Snap judgements of others
Amy Cuddy starts by asking us to pay attention to what we’re doing with our bodies. Are our shoulders hunched? Are we trying to not bump into the person next to us? Are we sprawled out?
“We’re fascinated with body language,” she says. We dissect and analyze and judge people, and in particular we scrutinize public leaders. A handshake, or lack of one, can have us talking for weeks. (Such as a remarkable moment with Gordon Brown and Barak Obama.)
When we scrutinize ourselves, we think about how other people are judging us. We’re not wrong to do so. “We make sweeping judgments and inferences from body language,” and those judgment can predict enormously important life outcomes, “Like who we hire or promote, or who we ask out on a date.”
Constant judgements of ourselves
But, says Cuddy, there is another half that we ignore, another audience. Ourselves. Does our own body language affect how we think of ourselves?
She studies power and dominance and starts by showing us a picture of primates. They expand, they take up space and occupy the space of other animals to show dominance.
What do humans do? The same thing. They stretch out. And, when they feel powerless, both humans and primates do the opposite. This is universal across cultures and species.
In business schools in the US, such as Harvard where Cuddy teaches, half your grade is based on how much you participate — and she’s found that body language is related to how much students participate, and interestingly, she’s noticed that it’s related to how the students sit. Men are more likely to sprawl out, and to participate, to adopt high-power poses. This makes sense, socially, since, sadly, “Women feel chronically less powerful than men.” But it is a problem that the schools worry about, since it often means the women are getting lower grades.
So she and her collaborator asked: Could people fake power, and have that lead them to feel more powerful? Your mind changes your body, is the reverse true? Could you adopt a powerful pose, and through that feel more powerful? After all, role changes can change physiology. When an alpha primate departs, another rises. Researchers have found that within days his testosterone goes up and his cortisol goes down.
Faking it for two minutes
Cuddy ran an experiment in which people were directed to pose in high-power and low-power poses, assigned randomly, for two minutes. They’re then given the opportunity to gamble — since people in high status are found to be more risk-tolerant (and less responsive to stress). They found that 86% who posed in the high-power position would gamble, versus 60% for low — a significant difference. There were also physiological changes — participants also had about an 8% increase in testosterone (high), or 10% decrease (low). There was a similar, but reversed, pattern for cortisol. That’s significant because testosterone is associated with risk tolerance, and cortisol with stress response.

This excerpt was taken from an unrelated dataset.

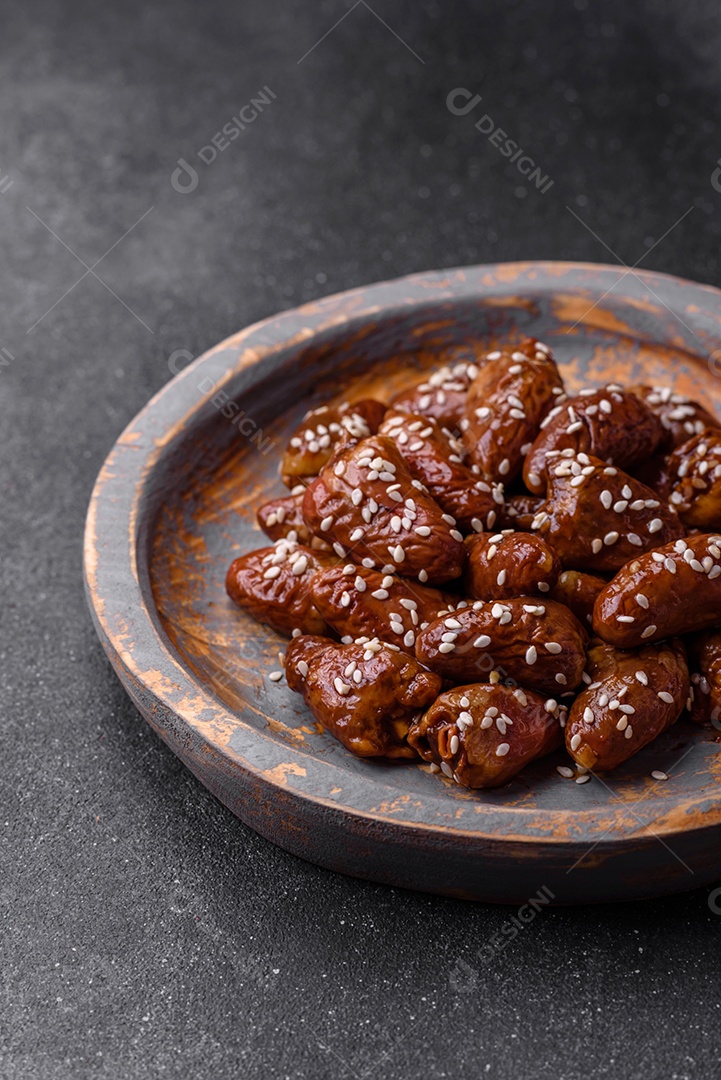 Corações de frango fritos em molho de soja com sal e especiarias em um prato sobre um fundo de concreto texturizado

So nonverbals can change how we think about ourselves, but can this apply outside of the lab? They tested people in job interviews. (Cuddy hastens to say, they are not saying people should sit differently in job interviews, but while you’re in the waiting room, power pose away.) The researchers told people to give a speech after sitting in high or low poses. The judges, who had no idea what position the subjects took, or even what the test was about, evaluated the high-position posers much better.
Making it for life
When she tells people about these results, a lot of them say that it doesn’t feel natural to pose your way to confidence — that it’s just fakery.
Cuddy takes a moment to tell an extraordinary story of feeling powerless herself. When she was 19, she was in a terrible car accident that landed her in a rehab ward and dropped her IQ by two standard deviations. She fought back, and made it to Princeton, but couldn’t shake the feeling that, somehow, she was not supposed to be there. Freaking out about giving a talk, she wrote to her adviser saying she couldn’t do it and was quitting. Her adviser wrote back and said, “No. You know what you’re going to do? You’re going to give that talk, and you’re going to give every talk you’re invited to give. And you’re going to fake it until you make it.”
Years later, teaching at Harvard, a shy student who never spoke in class admitted the same fear to her. And Cuddy realized two things. First, that she didn’t feel like that anymore. She wasn’t faking; she had become the confident speaker, the person who belonged. Second, that she understood exactly what the student was feeling. So she gave her the same speech. And the next day, the student finally spoke up — and was brilliant.
Says Cuddy, “It’s not fake it till you make it, it’s fake it till you become it.”
She ends her talk with an extraordinary request: Once you know this information about how easy it is to feel powerful — share it. Because it’s the people without power who aren’t in a position to learn these techniques. And empowering someone who truly needs that power could change a life.